State lawmakers and federal regulators must sign off on the plan, which requires a waiver and cap on federal reimbursement.

Bush has said tailoring health plans to fit Medicaid patients' individual needs, combined with the efficiency that private health networks offer, will free money to expand basic coverage. He has even proposed subsidizing employer-sponsored, primary care health plan premiums with Medicaid dollars for low-income workers.

This would give patients more options than the state's one-size-fits-all program, Bush said. "The paternalistic approach isn't working," he said.

States lead way to change

Since 2001, when Congress passed the Health Insurance Flexibility Act, states have been allowed to use the money they save with waivers to offer bare-bones coverage to more people, many of whom wouldn't qualify for regular Medicaid. The law also allowed states to subsidize private health insurance plans using Medicaid dollars.

States that have taken advantage of the law, including Utah when Leavitt was governor there, have seen mixed results. The Henry J. Kaiser Family Foundation, a nonprofit research group in California that tracks health care trends, recently published a report saying patients in some of those states were left with health plans that are far inferior to the breadth of coverage offered under traditional Medicaid.

"Some states with premium assistance waiver programs have been allowed to use Medicaid . . . funds to finance insurance plans available in the private market, even if the scope of benefits is considerably below federal standards or the cost-sharing requirements are well above the limits imposed by federal law," the foundation wrote.

In Utah, Leavitt used a waiver to cover primary care for some previously uncovered low-income people, as well as some regular Medicaid patients. Even though the new program didn't cover inpatient treatments or prescription drugs, it soon reached its federal budget cap. The program has been closed to new patients for more than a year. New patients are tracked on a waiting list.

Oregon tried a similar approach: It got a waiver to limit some extensive, expensive treatments and use Medicaid dollars to subsidize basic coverage premiums for more people - with similar results.

And Tennessee recently cut 330,000 people from its Medicaid program, after it tried to expand primary care Medicaid services to its uninsured. About 25 percent of the state's population qualified for the Medicaid waiver, and the state soon ran into deficits. Rather than impose waiting lists, Gov. Phil Bredesen chose to cut Tennesseans from the system.

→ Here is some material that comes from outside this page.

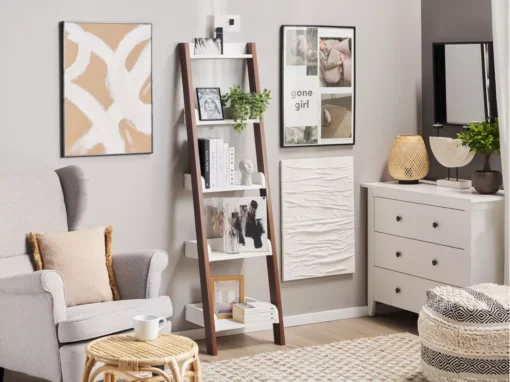 Étagère En échelle 5 Niveaux Bois Foncé Et Blanc MOBILE DUO -Meilleur Meubles Magasin etagere 16371669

Those states' experiences have some Florida lawmakers wondering what "basic coverage" would look like here. They have heard the governor say repeatedly that health coverage, including Medicaid, should be used only for catastrophic illnesses and accidents, as it was 30 years ago.

This, Democratic lawmakers note with irony, is in the name of "modernizing" Medicaid.

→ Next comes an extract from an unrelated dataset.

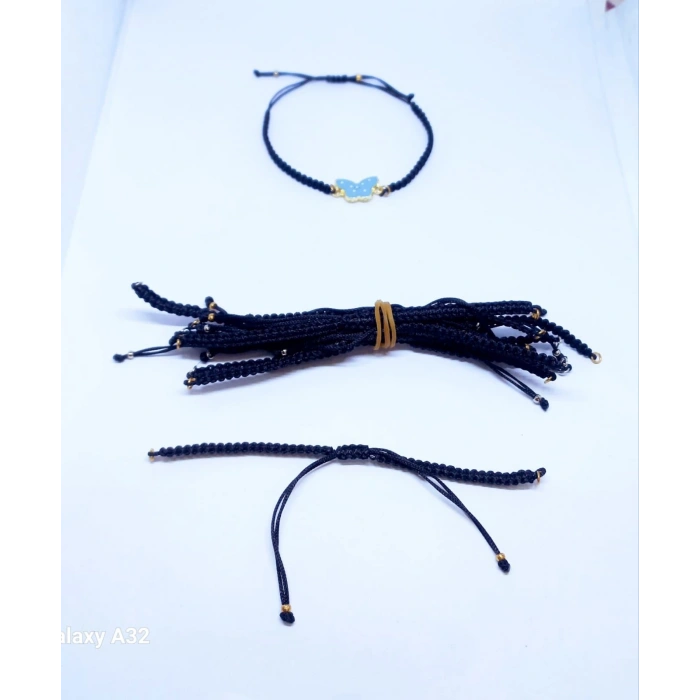 Siyah Makrome Bileklik Asansör Kapamalar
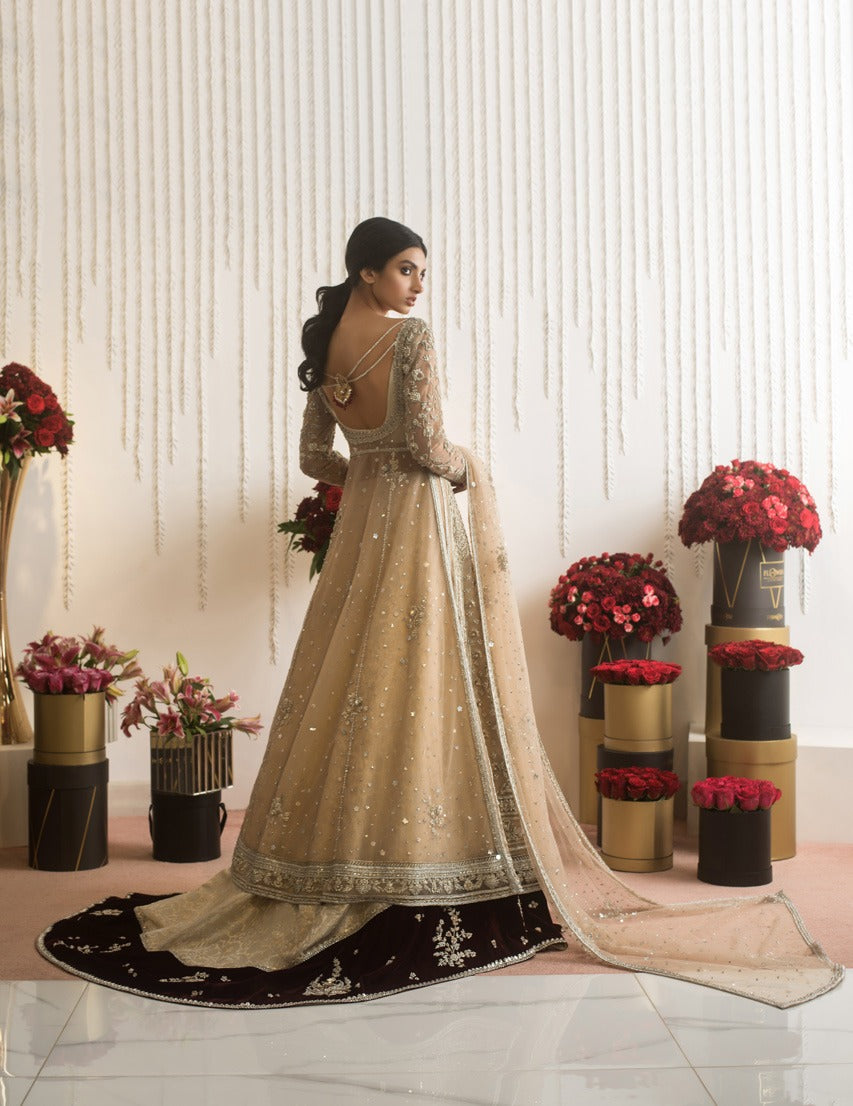 Pakistani Bone Maal Zardozi Tulle Pishwas Dress (3-Piece) - Image 5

"We can't go in there and take those programs away from people," even if doing so could expand bare-bones coverage to more of the state's uninsured, said Senate Democratic Leader Les Miller, D-Tampa. "What we need to do is make sure people who need Medicaid the most get it," he said.

Republican Sen. Dennis Jones of Treasure Island, a chiropractor who treats Medicaid patients, said 28 states have higher federal reimbursement rates than Florida's. The state ought to try to get more federal money before it scales back Medicaid services, he said. For every dollar Florida spends on Medicaid, it is reimbursed just 59 cents by Washington. Other Southeastern states are reimbursed as much as 77 cents on the dollar. The reimbursement rate is based on state demographics.

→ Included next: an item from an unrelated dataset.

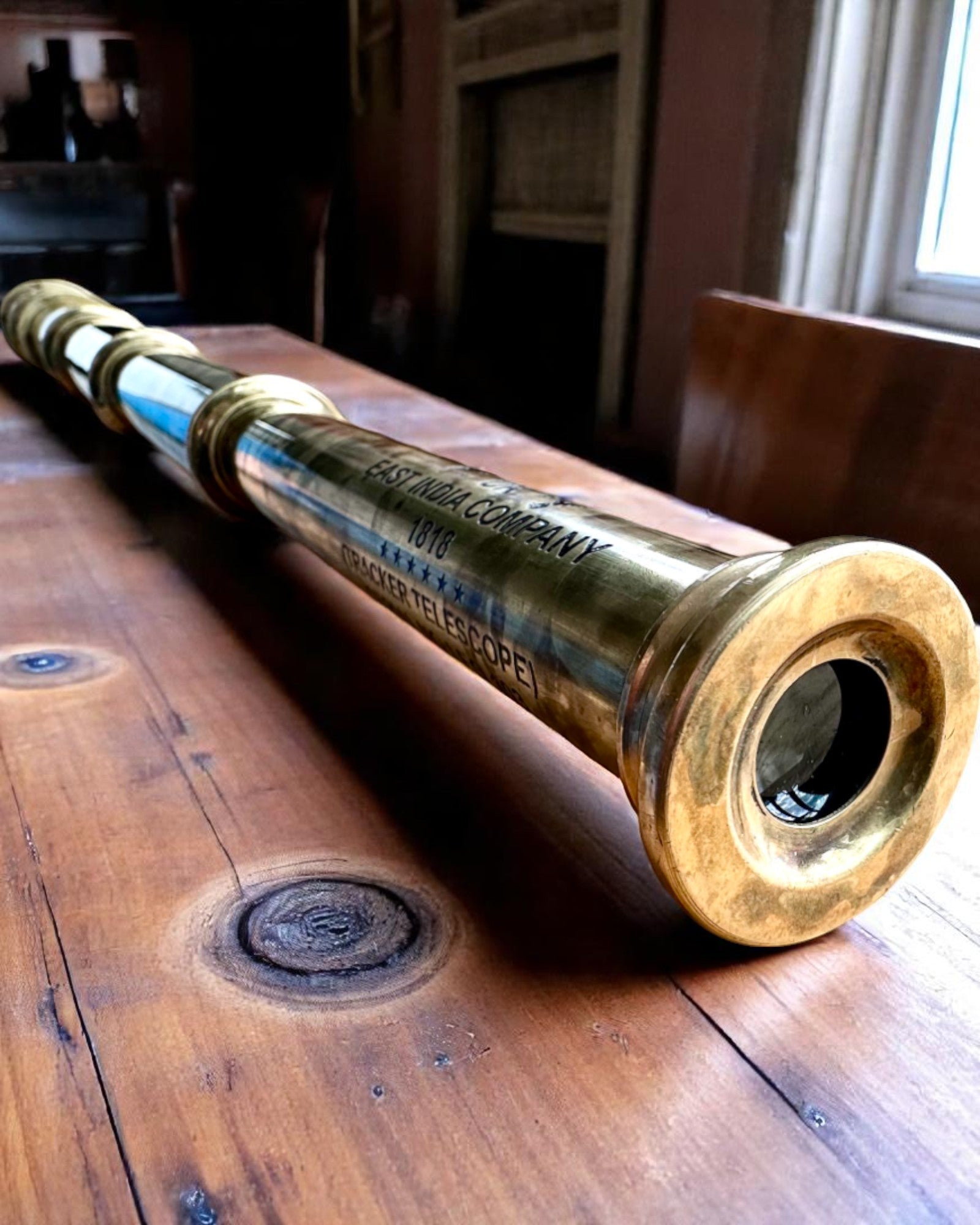 Luneta Królewska „Voyager 1818” – Ekskluzywna, Mosiężna, 83 cm, ręcznie robiona, etui ze Skóry Naturalnej – Edycja Kolekcjonerska, personalizacja grawerem na prezent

"If we've got a friend in the White House, I think the governor would do well to get Washington to jack up our 59 percent to 67 or 70," Jones said. "Yes, we have some rich people in Palm Beach, but we have people in need all over the state."

Any plan that reduces benefits, increases copays or institutes waiting lists is out of touch with the lives of people who rely on Medicaid, Jones said. Many don't even have telephone service, he said.

"This is about the farthest thing from reality from those who can't relate to those without means," Jones said.